Dataset entries Block Start

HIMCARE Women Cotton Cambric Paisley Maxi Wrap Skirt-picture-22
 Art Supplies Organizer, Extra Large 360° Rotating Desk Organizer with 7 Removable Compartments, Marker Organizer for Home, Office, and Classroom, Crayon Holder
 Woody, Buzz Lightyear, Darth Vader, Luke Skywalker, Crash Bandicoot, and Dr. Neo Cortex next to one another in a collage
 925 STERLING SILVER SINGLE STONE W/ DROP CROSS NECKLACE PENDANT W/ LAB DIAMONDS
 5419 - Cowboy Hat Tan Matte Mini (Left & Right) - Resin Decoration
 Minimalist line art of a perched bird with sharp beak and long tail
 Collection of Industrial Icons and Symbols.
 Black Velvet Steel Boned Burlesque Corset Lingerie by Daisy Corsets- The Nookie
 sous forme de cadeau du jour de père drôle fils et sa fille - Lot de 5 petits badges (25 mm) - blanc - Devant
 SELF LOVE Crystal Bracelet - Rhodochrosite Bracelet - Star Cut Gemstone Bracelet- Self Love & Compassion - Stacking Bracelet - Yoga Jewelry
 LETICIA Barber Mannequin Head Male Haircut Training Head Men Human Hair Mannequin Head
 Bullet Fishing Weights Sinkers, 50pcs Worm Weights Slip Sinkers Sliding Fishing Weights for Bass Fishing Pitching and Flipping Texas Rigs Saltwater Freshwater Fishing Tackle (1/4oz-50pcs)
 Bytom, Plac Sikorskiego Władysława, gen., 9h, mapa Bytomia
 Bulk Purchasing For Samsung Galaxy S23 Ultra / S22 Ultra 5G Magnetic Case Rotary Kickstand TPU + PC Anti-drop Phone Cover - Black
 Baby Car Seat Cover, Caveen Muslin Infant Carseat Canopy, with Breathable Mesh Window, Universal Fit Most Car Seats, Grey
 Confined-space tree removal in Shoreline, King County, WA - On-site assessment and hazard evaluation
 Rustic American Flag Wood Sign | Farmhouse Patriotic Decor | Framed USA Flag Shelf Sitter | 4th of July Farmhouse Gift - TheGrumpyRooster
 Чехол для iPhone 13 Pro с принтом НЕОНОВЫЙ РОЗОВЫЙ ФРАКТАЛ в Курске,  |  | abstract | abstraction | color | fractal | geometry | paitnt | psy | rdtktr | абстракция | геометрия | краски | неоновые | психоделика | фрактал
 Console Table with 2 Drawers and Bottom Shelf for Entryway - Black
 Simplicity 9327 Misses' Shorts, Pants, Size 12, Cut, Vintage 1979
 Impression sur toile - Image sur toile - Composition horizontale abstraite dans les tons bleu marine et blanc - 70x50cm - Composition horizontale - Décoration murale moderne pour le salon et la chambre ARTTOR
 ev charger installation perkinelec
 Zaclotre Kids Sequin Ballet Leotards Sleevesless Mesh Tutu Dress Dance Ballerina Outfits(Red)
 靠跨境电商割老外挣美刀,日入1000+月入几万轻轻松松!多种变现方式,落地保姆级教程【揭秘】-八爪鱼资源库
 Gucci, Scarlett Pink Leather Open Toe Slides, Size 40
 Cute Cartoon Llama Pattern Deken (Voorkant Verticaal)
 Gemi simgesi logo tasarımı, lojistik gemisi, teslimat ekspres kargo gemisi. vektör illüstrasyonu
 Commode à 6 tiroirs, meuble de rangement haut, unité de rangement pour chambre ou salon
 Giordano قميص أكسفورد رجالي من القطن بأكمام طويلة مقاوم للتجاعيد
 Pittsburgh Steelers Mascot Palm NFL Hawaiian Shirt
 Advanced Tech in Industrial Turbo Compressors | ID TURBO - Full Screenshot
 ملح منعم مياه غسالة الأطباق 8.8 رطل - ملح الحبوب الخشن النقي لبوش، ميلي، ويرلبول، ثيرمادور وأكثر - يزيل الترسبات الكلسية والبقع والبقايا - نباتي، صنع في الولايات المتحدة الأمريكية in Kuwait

Dataset entries Block End

**Your objective:** All of the data above needs to be set down again exactly. Include every line.

**Response:**
HIMCARE Women Cotton Cambric Paisley Maxi Wrap Skirt-picture-22
 Art Supplies Organizer, Extra Large 360° Rotating Desk Organizer with 7 Removable Compartments, Marker Organizer for Home, Office, and Classroom, Crayon Holder
 Woody, Buzz Lightyear, Darth Vader, Luke Skywalker, Crash Bandicoot, and Dr. Neo Cortex next to one another in a collage
 925 STERLING SILVER SINGLE STONE W/ DROP CROSS NECKLACE PENDANT W/ LAB DIAMONDS
 5419 - Cowboy Hat Tan Matte Mini (Left & Right) - Resin Decoration
 Minimalist line art of a perched bird with sharp beak and long tail
 Collection of Industrial Icons and Symbols.
 Black Velvet Steel Boned Burlesque Corset Lingerie by Daisy Corsets- The Nookie
 sous forme de cadeau du jour de père drôle fils et sa fille - Lot de 5 petits badges (25 mm) - blanc - Devant
 SELF LOVE Crystal Bracelet - Rhodochrosite Bracelet - Star Cut Gemstone Bracelet- Self Love & Compassion - Stacking Bracelet - Yoga Jewelry
 LETICIA Barber Mannequin Head Male Haircut Training Head Men Human Hair Mannequin Head
 Bullet Fishing Weights Sinkers, 50pcs Worm Weights Slip Sinkers Sliding Fishing Weights for Bass Fishing Pitching and Flipping Texas Rigs Saltwater Freshwater Fishing Tackle (1/4oz-50pcs)
 Bytom, Plac Sikorskiego Władysława, gen., 9h, mapa Bytomia
 Bulk Purchasing For Samsung Galaxy S23 Ultra / S22 Ultra 5G Magnetic Case Rotary Kickstand TPU + PC Anti-drop Phone Cover - Black
 Baby Car Seat Cover, Caveen Muslin Infant Carseat Canopy, with Breathable Mesh Window, Universal Fit Most Car Seats, Grey
 Confined-space tree removal in Shoreline, King County, WA - On-site assessment and hazard evaluation
 Rustic American Flag Wood Sign | Farmhouse Patriotic Decor | Framed USA Flag Shelf Sitter | 4th of July Farmhouse Gift - TheGrumpyRooster
 Чехол для iPhone 13 Pro с принтом НЕОНОВЫЙ РОЗОВЫЙ ФРАКТАЛ в Курске,  |  | abstract | abstraction | color | fractal | geometry | paitnt | psy | rdtktr | абстракция | геометрия | краски | неоновые | психоделика | фрактал
 Console Table with 2 Drawers and Bottom Shelf for Entryway - Black
 Simplicity 9327 Misses' Shorts, Pants, Size 12, Cut, Vintage 1979
 Impression sur toile - Image sur toile - Composition horizontale abstraite dans les tons bleu marine et blanc - 70x50cm - Composition horizontale - Décoration murale moderne pour le salon et la chambre ARTTOR
 ev charger installation perkinelec
 Zaclotre Kids Sequin Ballet Leotards Sleevesless Mesh Tutu Dress Dance Ballerina Outfits(Red)
 靠跨境电商割老外挣美刀,日入1000+月入几万轻轻松松!多种变现方式,落地保姆级教程【揭秘】-八爪鱼资源库
 Gucci, Scarlett Pink Leather Open Toe Slides, Size 40
 Cute Cartoon Llama Pattern Deken (Voorkant Verticaal)
 Gemi simgesi logo tasarımı, lojistik gemisi, teslimat ekspres kargo gemisi. vektör illüstrasyonu
 Commode à 6 tiroirs, meuble de rangement haut, unité de rangement pour chambre ou salon
 Giordano قميص أكسفورد رجالي من القطن بأكمام طويلة مقاوم للتجاعيد
 Pittsburgh Steelers Mascot Palm NFL Hawaiian Shirt
 Advanced Tech in Industrial Turbo Compressors | ID TURBO - Full Screenshot
 ملح منعم مياه غسالة الأطباق 8.8 رطل - ملح الحبوب الخشن النقي لبوش، ميلي، ويرلبول، ثيرمادور وأكثر - يزيل الترسبات الكلسية والبقع والبقايا - نباتي، صنع في الولايات المتحدة الأمريكية in Kuwait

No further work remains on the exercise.